(SOURCE INFORMATION begins)

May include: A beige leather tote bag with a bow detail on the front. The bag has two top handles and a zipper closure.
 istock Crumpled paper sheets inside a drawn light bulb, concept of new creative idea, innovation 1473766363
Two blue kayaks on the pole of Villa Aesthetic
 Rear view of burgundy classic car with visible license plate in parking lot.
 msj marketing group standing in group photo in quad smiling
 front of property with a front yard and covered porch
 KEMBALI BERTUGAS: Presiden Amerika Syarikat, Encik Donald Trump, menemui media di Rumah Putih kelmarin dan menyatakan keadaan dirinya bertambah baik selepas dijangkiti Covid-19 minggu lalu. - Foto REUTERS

(SOURCE INFORMATION ends)

• ASSIGNMENT: Look for the string "with" in the data above and return every line that has it.

• RESPONSE FOR THIS EXERCISE:
May include: A beige leather tote bag with a bow detail on the front. The bag has two top handles and a zipper closure.
 Rear view of burgundy classic car with visible license plate in parking lot.
 front of property with a front yard and covered porch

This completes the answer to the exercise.